--- RAW DATA Enclosed Below ---

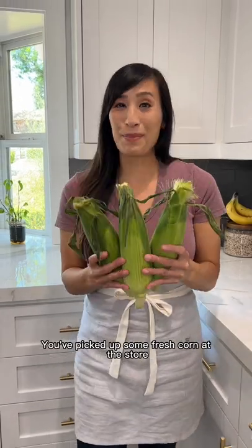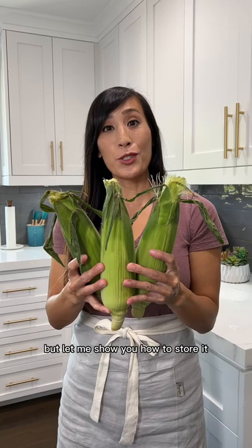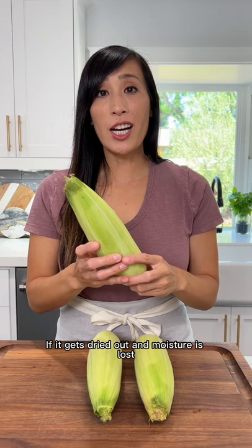You've picked up some fresh corn at the store and it's best to eat within three days, but let me show you how to store it so it stays super sweet. Air is corn's enemy — if it gets dried out and moisture is lost, the kernels are going to get really starchy and chewy in texture.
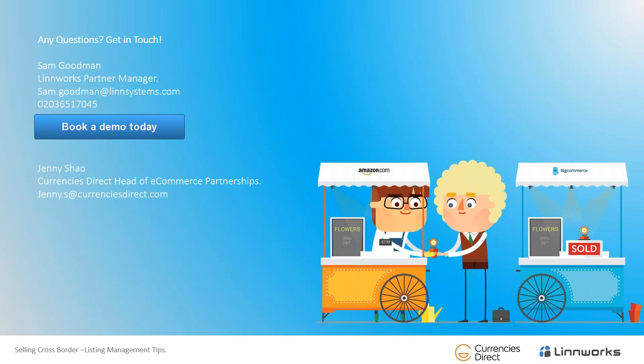Thank you very much, and thank you everyone who joined us today. I hope you found the session really useful. We will be sending out a recording to everyone, so if there's anything you feel you might have missed or want to listen to again, you'll have that opportunity. Contact details for Sam and Jenny are available, so please don't hesitate to get in touch with any further questions. Thank you very much — thank you Sam and Jenny.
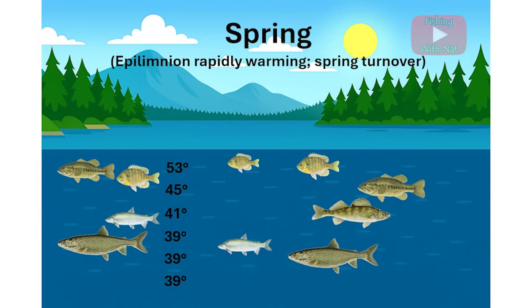The lake will now continue to warm and eventually stratify into three layers again for the summer season. Lakes with tributary inlets or springs may have some areas of incomplete stratification due to the incoming water. Thanks for watching, we'll catch you next time.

--- End of Enclosed RAW DATA ---

**WHAT IS REQUIRED**
Write out the material above exactly, and omit the pictures it holds.

**COMPLETED EXERCISE**
You've picked up some fresh corn at the store and it's best to eat within three days, but let me show you how to store it so it stays super sweet. Air is corn's enemy — if it gets dried out and moisture is lost, the kernels are going to get really starchy and chewy in texture.
Thank you very much, and thank you everyone who joined us today. I hope you found the session really useful. We will be sending out a recording to everyone, so if there's anything you feel you might have missed or want to listen to again, you'll have that opportunity. Contact details for Sam and Jenny are available, so please don't hesitate to get in touch with any further questions. Thank you very much — thank you Sam and Jenny.
The lake will now continue to warm and eventually stratify into three layers again for the summer season. Lakes with tributary inlets or springs may have some areas of incomplete stratification due to the incoming water. Thanks for watching, we'll catch you next time.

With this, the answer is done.